What’s the Worst that Could Happen?


We’ve likely all looked at a Snellen chart, that familiar pyramid of random letters that gradually get smaller and more difficult to read. I can remember back to my grade school days when we had to line up and read off the letters to the travelling optometrist who had the power to tell us whether we needed glasses or not.


For me, the experience was comparable to waiting in line for confession with the travelling priest who had the power to tell me whether I was going to Hell or not, or at least that’s what I was told his super power was.


My responses to both authority figures was to make up some fantastical response when summoned to speak. The interesting thing was nothing seemed to shock either man. I think the priest may have turned off his hearing aids because if I had really done what I said, I should have prayed a few more Hail Mary’s at the very least. And as hard as I tried to be blind, the eye doctor never bought it. He must have had the super power of lie detection. He spoiled my plans to make a spectacle of myself. So, for years I had 20/20 vision despite my attempts to thwart that. Little did I know I should have appreciated it while it lasted .


Most of us go through our days on autopilot. We can clearly read the bottom line on the Snellen chart of our to-do items. We make the assumption that life will go fairly smoothly, but we know realistically that minor blips can happen. We can handle those minor blips. But most of us are not prepared for the unexpected events that fee insurmountable at the time. It’s only aferr these events that we say: hindsight is 20/20.


Last Monday started out like any routine Monday. I actually like Monday’s. I feel prepared after the weekend and ready to go. I’ve got a great group of students to start off the day which makes it even better. I’m excited to train the next generation and they are eager to learn. I arrive at my regular 7:45 a.m., gather my materials, and post my notes to my internal drive before heading down for the 8:30 class.


So at 8:00 am last Monday, I went to retrieve my notes from my USB only to discover that I could not open any files. No matter what I tried, I could not retrieve anything from the stick. Thinking it may be an issue with my desktop, I went down to the classroom and went through the same motions there. No success. I had a 2 hour class with no notes. So I told the class, I was going to model for them how you carry on with the task in front of you when you’re in panic mode in your mind. And that’s what I did.

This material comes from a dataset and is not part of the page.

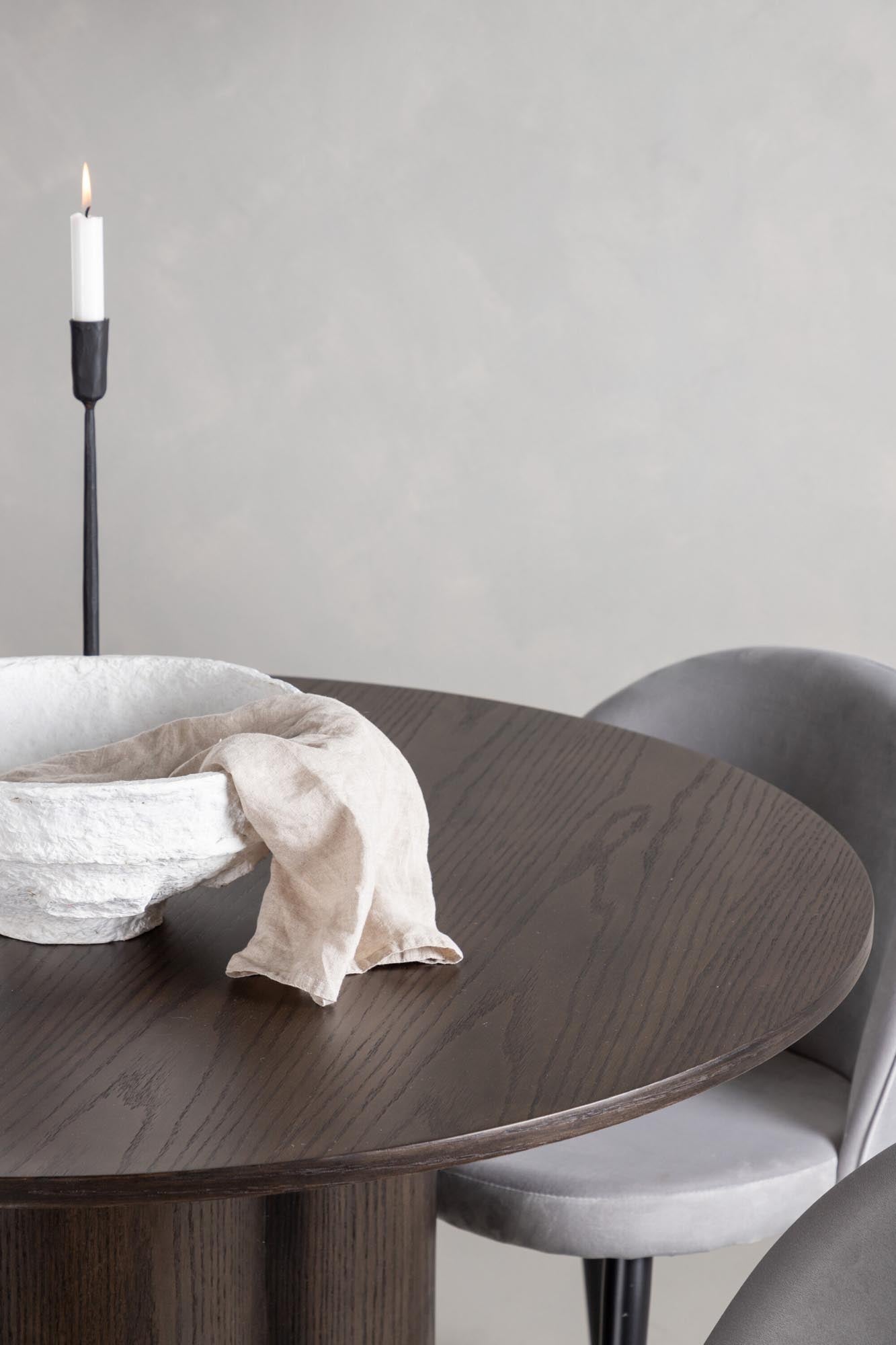 Entdecken Sie das Olivia Esszimmer Set von Venture Home: Ein eleganter runder Tisch und luxuriöse Velvet-Stühle für stilvolle Essmomente.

I compartmentalized my stress until I could try and work the problem. There was nothing I could do about it at the time. That ability to focus on what’s in front of us is a skill we all need to work on.

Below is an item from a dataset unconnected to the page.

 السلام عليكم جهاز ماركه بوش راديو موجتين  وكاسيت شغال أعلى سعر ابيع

When I took the stick to the IT department later that day, the technician told me that they hadn’t seen this issue in years. He said he’d have to wipe the USB and then try and recover the files. He wasn’t hopeful. So my new reality was that everything I had worked on since September was likely gone. The ironic thing is that I had told myself that weekend that I should back up my files.


Hindsight is 20/20. If only I’d backed up those files! Thought about it. Didn’t do it. Two months of preparation gone. And now I’ve got nothing for tomorrow’s classes.

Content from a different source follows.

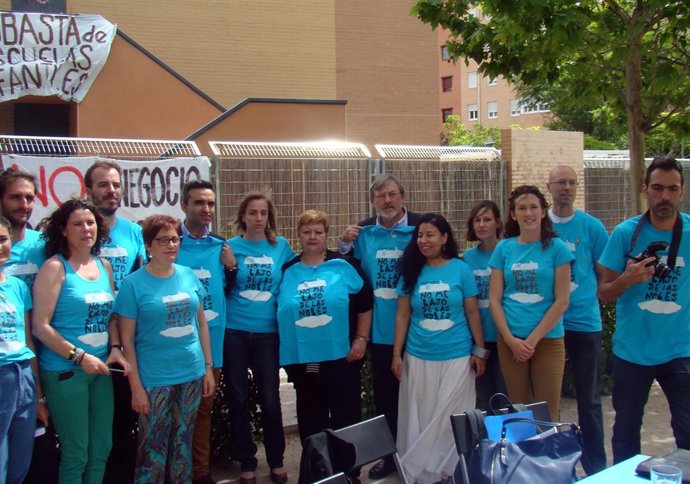 Los representantes de PSOE e IU durante la rueda de prensa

I shared my dilemma with some colleagues and I heard things like: “that’s my worst nightmare!” And in the moment it certainly felt like that. In fact, as the day progressed and the likelihood of getting my 1,048 files back grew slim, my vision became narrow and focused on my poor predicament.


But was this actually the worst that could happen to me? You know the answer is “no”, but if we’re honest, it can possess our minds and distract us from what are the real issues in life that are far more serious.


This snap back to reality came in multiple ways throughout the day, as I heard several individuals speak of their struggles and challenges that were far more serious than the inconvenience I was experiencing. Because honestly, while it might take me a long time to rewrite what I lost, it was possible. Mine wasn’t a life and death situation. But the young person I was talking with at the end of the day was dealing with exactly that. She was experiencing the worst possible thing that can happen to a young person in love - the death of her boyfriend from a terminal illness.


I had 20/20 vision now. While the loss of the data was unexpected and more than blip in my day, a USB or simply the notes are replaceable; a loved one is not. How often do we say, “this is the worst” when really it’s not. Why do we overreact to so many things that can be managed if we take the time to process, when there are others who are living with circumstances so painful and beyond their control?


Our daily life is truly a matter of perspective. The next time a situation arises when you find yourself saying “this is the worst”, bring some clarity by pausing and putting it in context. That’s how you can have the power to pass the Snellen test of having 20/20 vision in the present issues you face.